Applause after Iago's Credo?

Credo in unendliche Melodie

I've had one insider answer (hi, Mom!) as to why Guelfi didn't get applause for the Credo last Saturday: Bychkov is not among those conductors who believe in interrupting the flow of drama for applause.

Oi veh -- cue the chin-stroking and the musicological jargon. It's a big debate.

The Italian tradition favors applause after big numbers. The bel canto composers (including early Verdi) clearly expected it, and even the Verismists left room for it. But OTELLO represents Verdi's longest stride in a Wagnerian direction. And Wagner clearly does not favor interstitial applause -- unless it's Wagner himself doing it, as he is said to have once done at a dress rehearsal for PARSIFAL. (Then there are those moments in Wagner when you know there's not supposed to be set-piece applause -- b/c it's Wagner, you know -- but you cheat and sneak it in anyway, like right after a rousing rendition of Ortrud's curse!)

Following Iago's Credo, Verdi neither forces the conductor to stop for applause, nor forces him to move on. Much like (Mom reminds me) Mascagni after Vo lo sapete.

Now, I'm a big Wagnerian opera-as-drama type. So you're guessing my view would be: plow on, and be damned to the singers' egos and fans. Well, you'd be wrong: I say stop and give a baritone a break. He's playing a disgusting character with a lot of tough singing, and this is his only chance for applause, b/c you certainly can't wedge any in after the Brindisi or Era la notte. At least for Met purposes, I'm sufficiently wedded to the House's italianate traditions to take that position.

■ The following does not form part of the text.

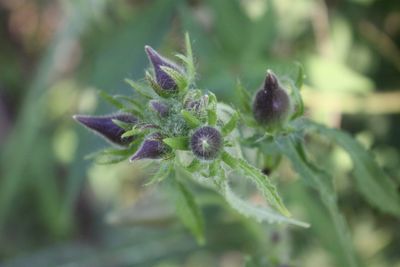 Close-up of flower buds
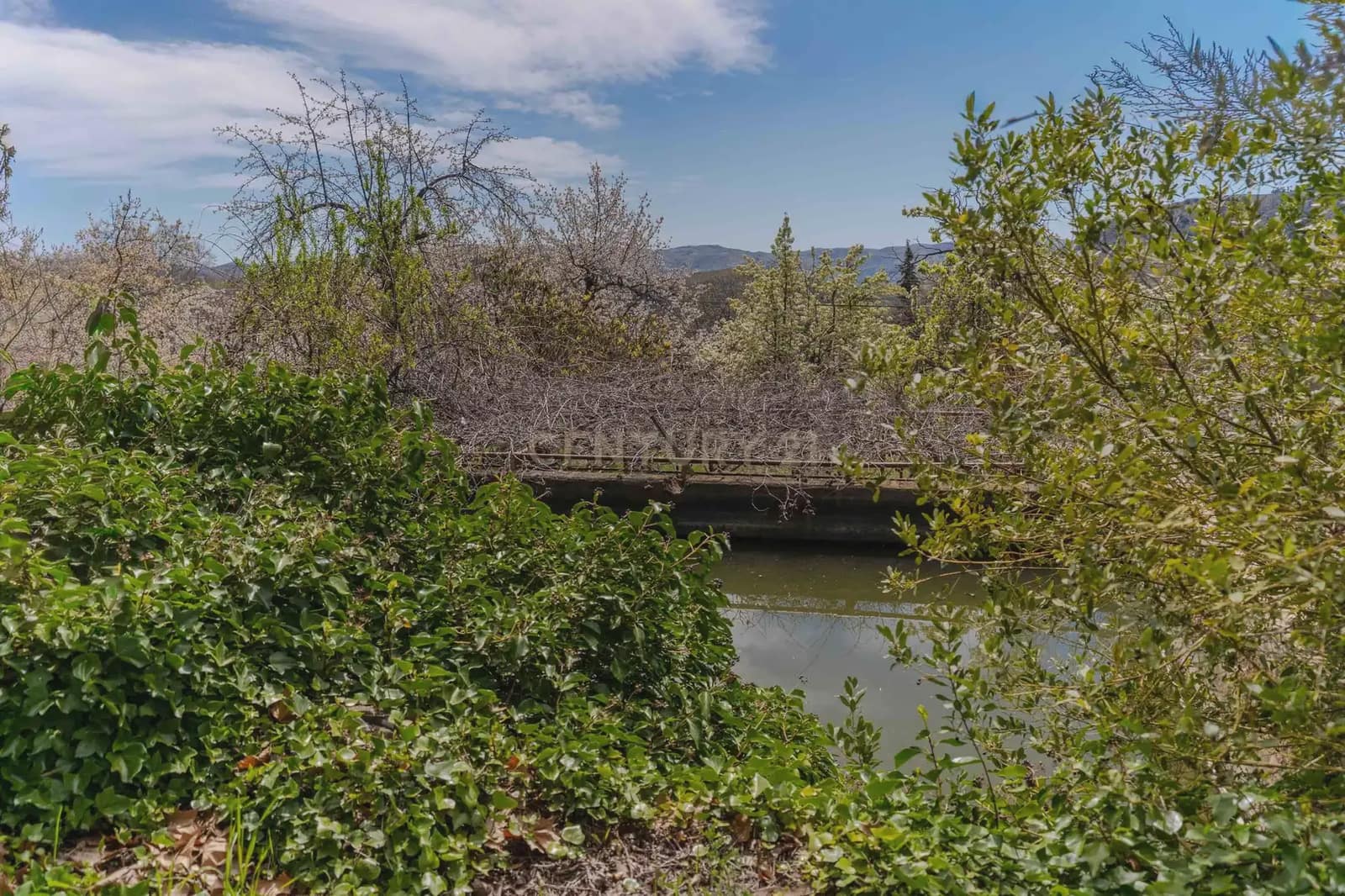 1 bedroom Finca/Country House for sale in Portugos - € 155,000 (Ref: 9769092)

But Bychkov apparently thinks differently, and these days, that may just be part of the cost of getting a conductor who makes the sparks fly. Fausto Cleva always stopped for applause, and his name is circumstantially linked with innumerable great memories. But face it, do music magazines do Cleva retrospectives? Do record companies issue The Cleva Recordings, Vols. I - XX? You see what I mean. I repeat: Bychkov made the orchestra sound greater than great, and conducted the most orchestrally moving OTELLO I've ever heard. (Maybe I should go back to the Karajan for a comparison, but I know Barbirolli's performance, and he's no slouch.)

Support your local baritone
Besides, the audience has to take some responsibility too. How much do they want to applaud their baritone? I noticed they had no trouble forcing Bychslap to sit down and let them cheer for Renee after Salce/Ave Maria. As one who has (in smaller houses) personally initiated "hands" that would not otherwise have happened, I say: break in with applause for your baritone too, if you like him! Don't be such a damn Saturday-matinee, drove-up-from-Philly kind of crowd that you only clap for the soprano!

Next debate -- NOT!! -- should Iago laugh evilly at the end of the Credo? Correct answer: no. Acceptable alternative answer: yes, if he gets no applause, and if he waves a chainsaw at the conductor.